Problem to work on: Transcribe nothing except the lines below that run from the one with "Camiseta Bitmoeda A" to the one with "TRIUMPH-SCRAMBLER 400 X TRIUMPH-SCRAMBLER", ends included, and do not copy any picture.

Working data:

*** Block opens ***

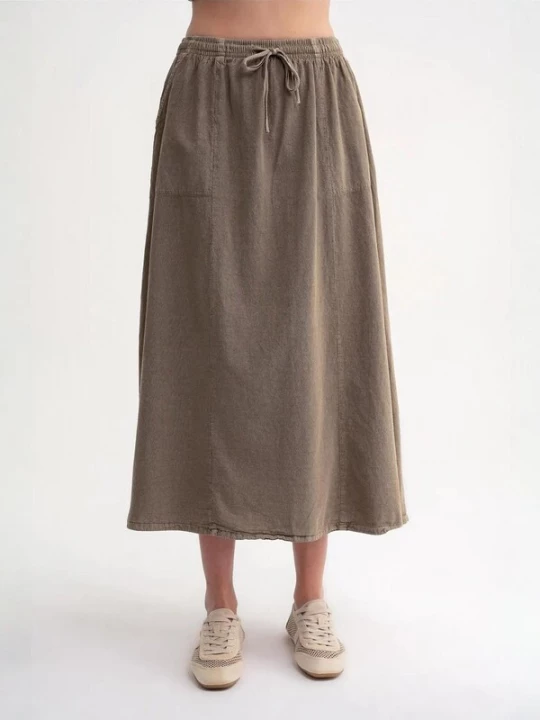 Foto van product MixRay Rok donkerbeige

*** Block closes ***
*** Block opens ***

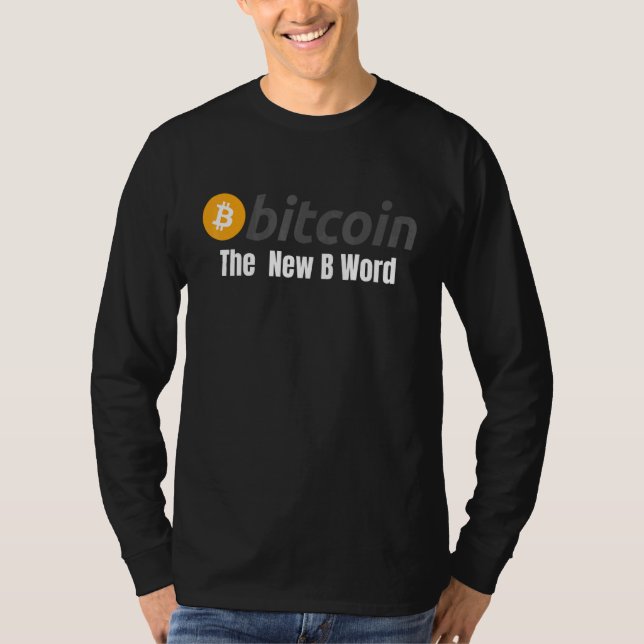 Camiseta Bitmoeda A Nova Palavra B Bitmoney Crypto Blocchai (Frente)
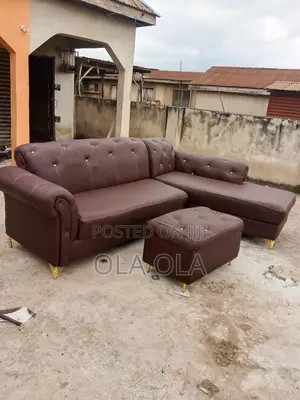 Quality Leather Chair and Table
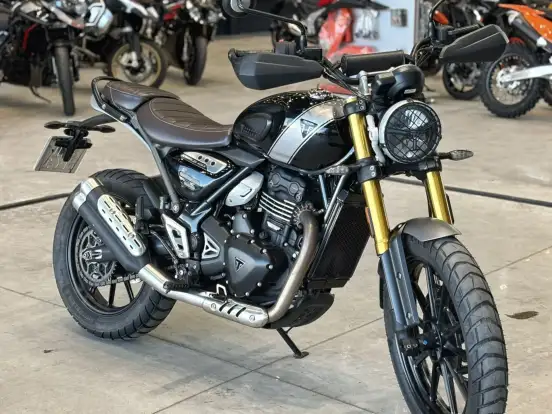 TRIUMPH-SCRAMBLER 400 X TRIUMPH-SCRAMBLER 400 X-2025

*** Block closes ***

Written response:
 Camiseta Bitmoeda A Nova Palavra B Bitmoney Crypto Blocchai (Frente)
 Quality Leather Chair and Table
 TRIUMPH-SCRAMBLER 400 X TRIUMPH-SCRAMBLER 400 X-2025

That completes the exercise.